The Canadian dollar racked up a solid gain Tuesday morning, reflecting a sharp runup in oil and copper prices Monday while domestic markets were closed for Victoria Day.
The commodity-sensitive loonie gained 0.41 of a cent to 98.37 cents US.
Commodity prices were mixed after oil and copper advanced Monday after closing at multi-month lows last week on demand worries and a strengthening U.S. dollar. Traders have avoided riskier investments such as commodities, equities and resource-based currencies such as the Canadian dollar and bought into the safe haven status of U.S. Treasuries.
A stronger greenback usually helps depress oil prices, which are denominated in dollars, as it makes oil more expensive for holders of other currencies.
The June crude contract on the New York Mercantile Exchange was off 12 cents to US$92.45 a barrel after gaining $1.09 Monday. Copper traded at US$3.50 a pound, holding on to Monday’s three-cent gain.
June gold was off $8.20 to US$1,580.50 an ounce after dipping $3.20.
The Canadian currency has swooned about three US cents during May, largely because of market nervousness over the future of the eurozone.
Uncertainty has persuaded traders to pile into U.S. Treasuries and avoid riskier assets such as commodities (which have fallen to multi-month lows) and resource-based currencies such as the Canadian dollar.
The worry is that Greek political parties dead set against the austerity programs that have made crucial bailouts possible will be in an influential position after the next election June 17. A repudiation of those agreements would likely trigger a default and Greece would have to exit the eurozone.

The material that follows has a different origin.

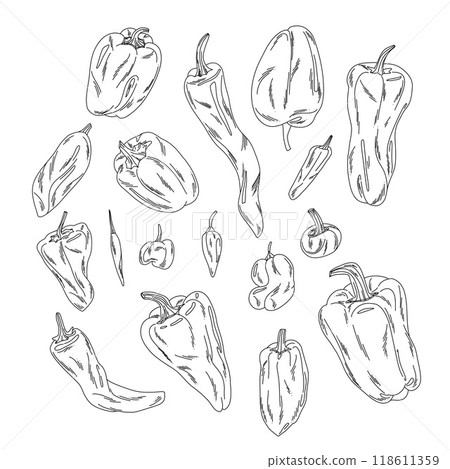 Set of line doodle peppers, collection of hot and vegetable pods isolated on white 118611359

Meanwhile, traders also digested a dire warning from the Organization for Economic Cooperation and Development that the 17-country eurozone risks falling into a “severe recession.” And the OECD, which comprises the world’s most developed economies, called on governments and Europe’s central bank to act quickly to stop the slowdown spilling over into the global economy.
OECD Chief Economist Pier Carlo Padoan called on eurozone leaders to adopt a “policy compact” to promote growth even while reducing deficits.
So-called eurobonds — debt issued jointly by countries in the currency bloc — could be used to recapitalize banks, Padoan said.
He also reiterated his call of six months ago for the ECB to do more to stem Europe’s crisis.
Traders also focused on a summit of European leaders that’s expected to be dominated by calls to boost economic growth across the continent.
On Wednesday, the leaders of the 27 European Union countries will hold an informal meeting in Brussels. The summit is expected to focus on ways to kick start the region’s faltering economy.